Synthetic Biologics changes clinical and regulatory team

Synthetic Biologics, Inc., a Rockville, Maryland-based biotechnology company, announced the appointment on Monday of a new senior vice president of clinical and regulatory affairs.

Joseph Sliman will assume the new role after previously serving as the senior medical director and head of patient safety and pharmacovigilance at Vanda Pharmaceuticals, Inc. At Synthetic Biologics, Sliman will be responsible for the design and implementation of all aspects of clinical development, including clinical trials, and will lead Biologics' regulatory initiatives.

"We are pleased to welcome Joe to Synthetic Biologics and expect that his extensive clinical development, regulatory and biotechnology experience - especially in navigating clinical pathways with regulatory agencies - will be vital in moving our infectious disease programs forward," Jeffrey Riley, the CEO of Synthetic Biologics, said.

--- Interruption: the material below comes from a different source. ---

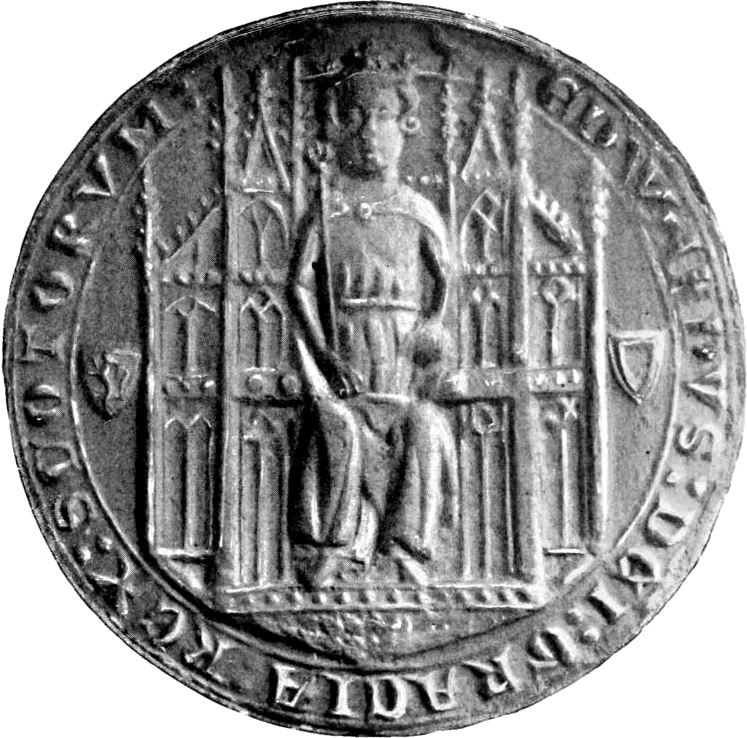 The seal of Edward Balliol, King of Scotland.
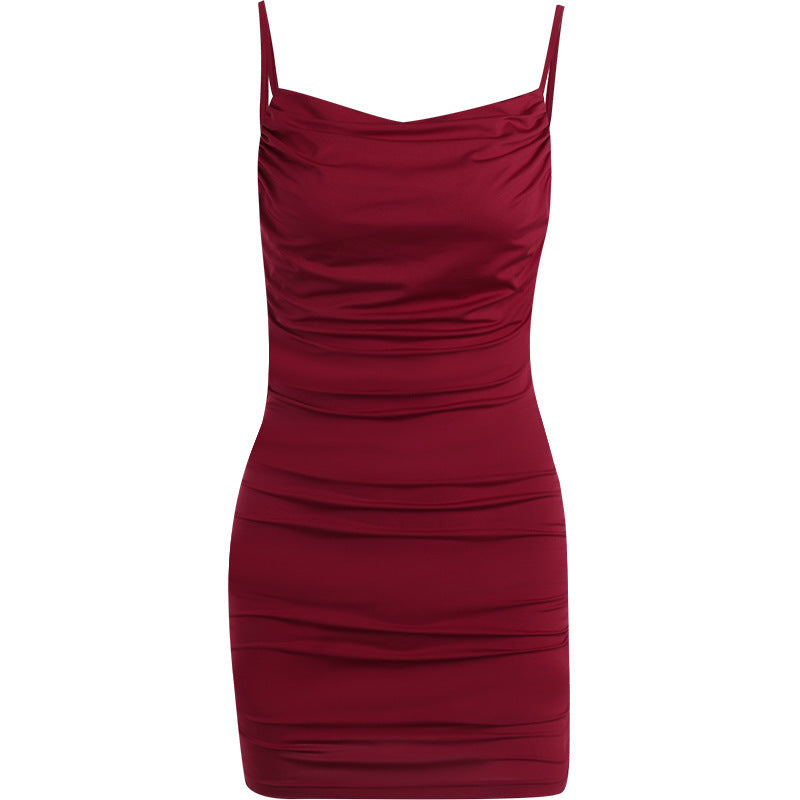 European And American Fashion Party Dress With Strap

While working at Vanda, Sliman directed efforts for a new drug application for HETLIOZ, a treatment for non-24-hour disorder in the totally blind. Sliman previously worked as the medical director in vaccines and infectious diseases at MedImmune, Inc., and as an associate medical director at Dynport Vaccine Company.

Sliman will take over for Carol Reed who will continue to contribute to Synthetic Biologics as a clinical and regulatory advisor.

"We are also pleased that Dr. Carol Reed will continue to be part of the Synthetic Biologics' team as a key advisor on clinical development projects," Riley said. "Carol has been integral in moving forward clinical development strategies for our new infectious disease programs and planning the next steps for our Phase II product candidate, Trimesta, for the treatment of multiple sclerosis."

Synthetic Biologics develops product candidates for serious infectious and other diseases.